The fourth returned parameter should be the number of detections (and not the classes. This probably explains your error : "for tensor number of detections"). According to the ObjectDetector class definition, The boundingbox type should be BOUNDARIES (xyxy: upper_left_x, upper_left_y, width, height) and not CENTER (xywh: center_x, center_y, width, height (ref: metadata schema

The tflite file metadata should be adapted accordingly (output_location_meta.content.contentProperties.index = [0, 1, 2, 3]) Here is my script to populate the metadata:

# Create Metadata for Yolov5
# REF: 
# https://github.com/ultralytics/yolov5/issues/5784
# https://github.com/ultralytics/yolov5/issues/4760
# https://github.com/tensorflow/tflite-support/issues/703
# https://stackoverflow.com/questions/64097085/issue-in-creating-tflite-model-populated-with-metadata-for-object-detection
# https://stackoverflow.com/questions/70947940/output-tensor-from-tflite-interpreter-is-squeezed
# https://github.com/ultralytics/yolov5/issues/8874

from tflite_support import flatbuffers
from tflite_support import metadata as _metadata
from tflite_support import metadata_schema_py_generated as _metadata_fb

# Creates model info.
model_meta = _metadata_fb.ModelMetadataT()
model_meta.name = "Yolov5 object detector"
model_meta.description = ("Identify the most prominent object in the "
                          "image from a set of 1,001 categories such as "
                          "trees, animals, food, vehicles, person etc.")
model_meta.version = "v1"
model_meta.author = "dvigouro"
model_meta.license = ("Apache License.
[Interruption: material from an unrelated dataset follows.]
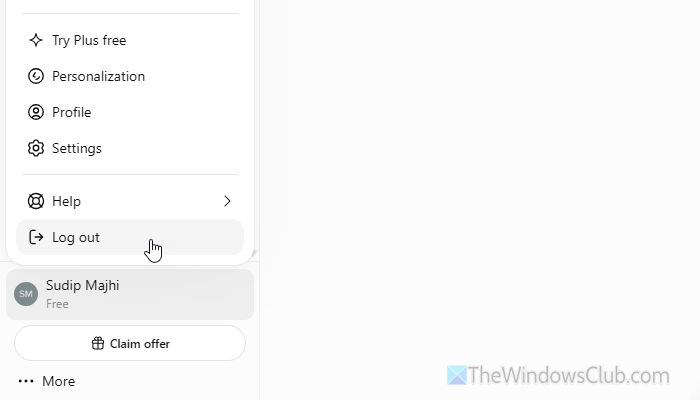 ChatGPT showing blank screen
Version 2.0 "
                      "http://www.apache.org/licenses/LICENSE-2.0.")

# Creates input info.
input_meta = _metadata_fb.TensorMetadataT()
input_meta.name = "image"
input_meta.description = (
    "Input image to be detected. The expected image is 640 x 640, "
    "with three channels (red, blue, and green) per pixel. Each value in the "
    "tensor is a single byte between 0 and 255.".format(160, 160))
input_meta.content = _metadata_fb.ContentT()
input_meta.content.contentProperties = _metadata_fb.ImagePropertiesT()
input_meta.content.contentProperties.colorSpace = (
    _metadata_fb.ColorSpaceType.RGB)
input_meta.content.contentPropertiesType = (
    _metadata_fb.ContentProperties.ImageProperties)
input_normalization = _metadata_fb.ProcessUnitT()
input_normalization.optionsType = (
    _metadata_fb.ProcessUnitOptions.NormalizationOptions)
input_normalization.options = _metadata_fb.NormalizationOptionsT()
input_normalization.options.mean = [127.5]
input_normalization.options.std = [127.5]
input_meta.processUnits = [input_normalization]
input_stats = _metadata_fb.StatsT()
input_stats.max = [255]
input_stats.min = [0]
input_meta.stats = input_stats

# Creates output info.
output_location_meta = _metadata_fb.TensorMetadataT()
output_location_meta.name = "location"
output_location_meta.description = "The locations of the detected boxes."
output_location_meta.content = _metadata_fb.ContentT()
output_location_meta.content.contentPropertiesType = (
    _metadata_fb.ContentProperties.BoundingBoxProperties)
output_location_meta.content.contentProperties = (
    _metadata_fb.BoundingBoxPropertiesT())
#output_location_meta.content.contentProperties.index = [1, 0, 3, 2]
output_location_meta.content.contentProperties.index = [0, 1, 2, 3]
output_location_meta.content.contentProperties.type = (
    _metadata_fb.BoundingBoxType.BOUNDARIES)
#output_location_meta.content.contentProperties.type = (
#    _metadata_fb.BoundingBoxType.CENTER)
output_location_meta.content.contentProperties.coordinateType = (
    _metadata_fb.CoordinateType.RATIO)
output_location_meta.content.range = _metadata_fb.ValueRangeT()
output_location_meta.content.range.min = 2
output_location_meta.content.range.max = 2

output_class_meta = _metadata_fb.TensorMetadataT()
output_class_meta.name = "category"
output_class_meta.description = "The categories of the detected boxes."
output_class_meta.content = _metadata_fb.ContentT()
output_class_meta.content.contentPropertiesType = (
    _metadata_fb.ContentProperties.FeatureProperties)
output_class_meta.content.contentProperties = (
    _metadata_fb.FeaturePropertiesT())
output_class_meta.content.range = _metadata_fb.ValueRangeT()
output_class_meta.content.range.min = 2
output_class_meta.content.range.max = 2
label_file = _metadata_fb.AssociatedFileT()
label_file.name = os.path.basename(os.path.join('.', 'labelmap.txt'))
label_file.description = "Label of objects that this model can recognize."
label_file.type = _metadata_fb.AssociatedFileType.TENSOR_VALUE_LABELS
output_class_meta.associatedFiles = [label_file]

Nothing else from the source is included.